5、Responsible Decision Making「責任ある社会的行動の選択」

 アメリカのNPO法人CASELは、「社会性と情動の学習Social-Emotional Learning」の要素として、次の5つをあげています。

 Self-awareness

 Self-management

 Social awareness

 Relationship skills

 Responsible decision-making

 今回から、Responsible Decision Making「責任ある社会的行動の選択」について考えます。これは「さまざまな状況での個人的な行動や社会的相互作用について思いやりのある建設的な選択をする能力」と定義されています。この概念には、Justice(正義)の理念が関連しています。まず、何を正義と呼ぶのか、正義の根拠はどこにあるのか考えてみます。

 Justice(正義)は人間のふるまい方について「良いと感じる」概念です。動物や植物にはあてはまりません。人間という種に共通する要素は、人種や性別での違いはあっても基本的におなじ身体構造を持っていることです。他の動物や植物の身体構造とは違っています。そして、人間も動物も植物にも共通する生物としての特徴は「生命(生きのびる傾向)」です。

 生物の生命維持と種の継続に必要な身体維持(防御・栄養)と生殖傾向を進化論的に考えると、次のようになります。

  • 身体維持(防御・栄養)と生殖傾向が強い種は、子孫を残し進化した。
  • 身体維持(防御・栄養)と生殖傾向が弱い種は、子孫が減り滅亡した。

 現代の先進諸国の少子高齢化現象は、自分の身体維持(防衛・栄養)のための資源(利益)の獲得に躍起となって、生殖傾向が減退しているかのような「人類の進化論的危機」のようにも感じます。

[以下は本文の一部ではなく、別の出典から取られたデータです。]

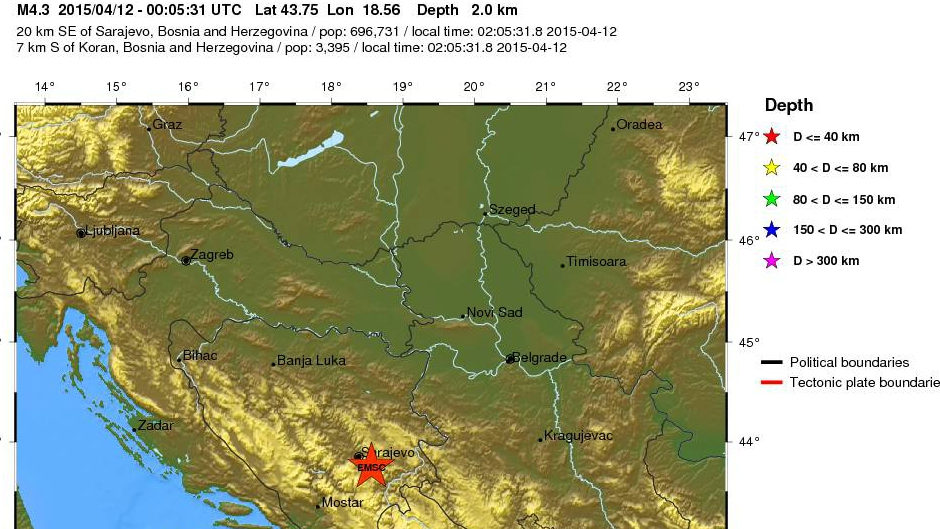 zemljotres sarajevo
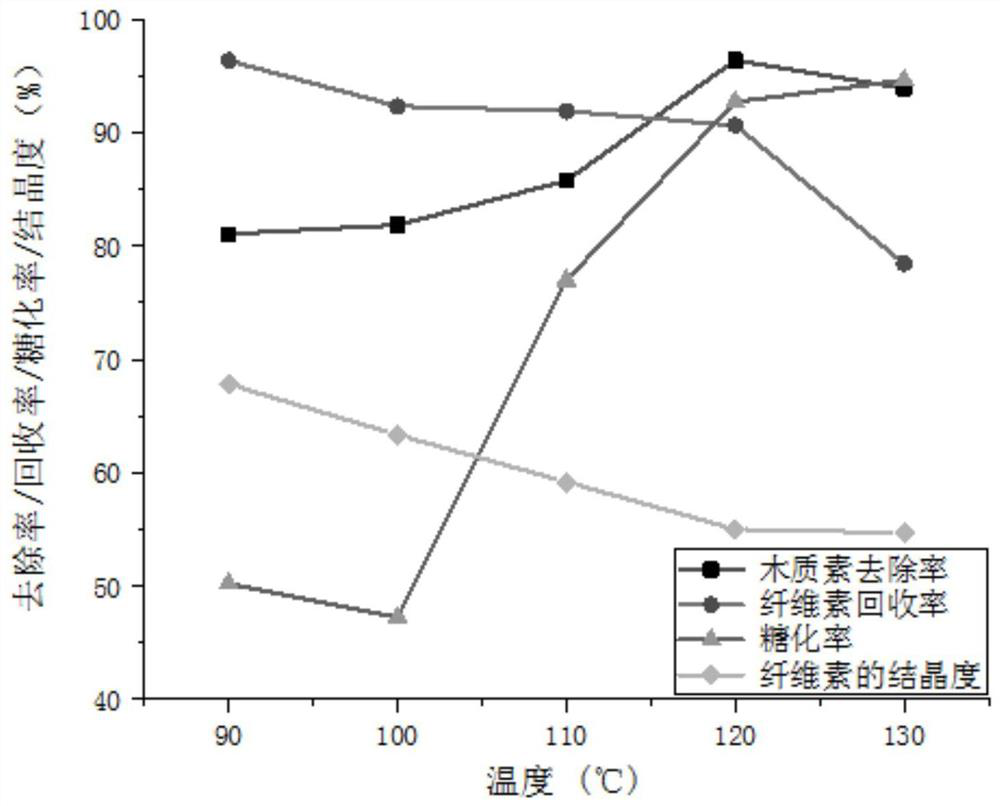 Method for efficiently separating straw components by adopting novel eutectic solvent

 同じ身体構造を持った人類が他の動物や植物と異なる特徴として、「知能」や「言語」をあげる人は多いと思います。しかし、様々な動物も生存の「知恵」と非言語的コミュニケーションがあることが知られています。人類の特徴として、進化論的には「知能」よりも社会的存在であるという点が重要です。

 無知の科学(スローマン他2018)では、次のように述べています。

 「個人が処理できる情報量には重大な制約がある。」

 「人類が成功を収めてきたカギは、知識に囲まれた世界に生きていることにある。知識は私たちが作るモノ、身体や労働環境、そして他の人々のなかにある。」

 また、マーク・トウェイン(1894)の小説の言葉「問題は無知ではない。知っているという思い込みだ」も心に留めておきたいと思います。

 すなわち、人類は、個人としての「知能」よりも、人と人とが相互作用し協力することで自分の知らない知識・文化を継承し進化・発展してきたと言えるでしょう。資源(利益)の獲得で競争や紛争が起こっても、人と人とが相互作用して協力し合うルールという知恵(法令)によって解決してきたと考えられます。

 人類は、知識・文化を共有することによって身体維持(防衛・栄養)のための資源(利益)を効率的に獲得すると共に、同じ身体を持ち同じ情動を感じる他の人々と協力し合う「社会性」によって、生命の維持・継続をはかる傾向を進化させてきたと考えられます。私は、ここにJustice(正義)の根源があると感じてます。

 

参考・引用文献

  • スローマン他. 2018. 知ってるつもり 無知の科学. 早川書房.
  • マーク・トウェイン(サミュエル・C・クレメンス). 1894 パディントンの聖徳. Charles L. Webster & Company.)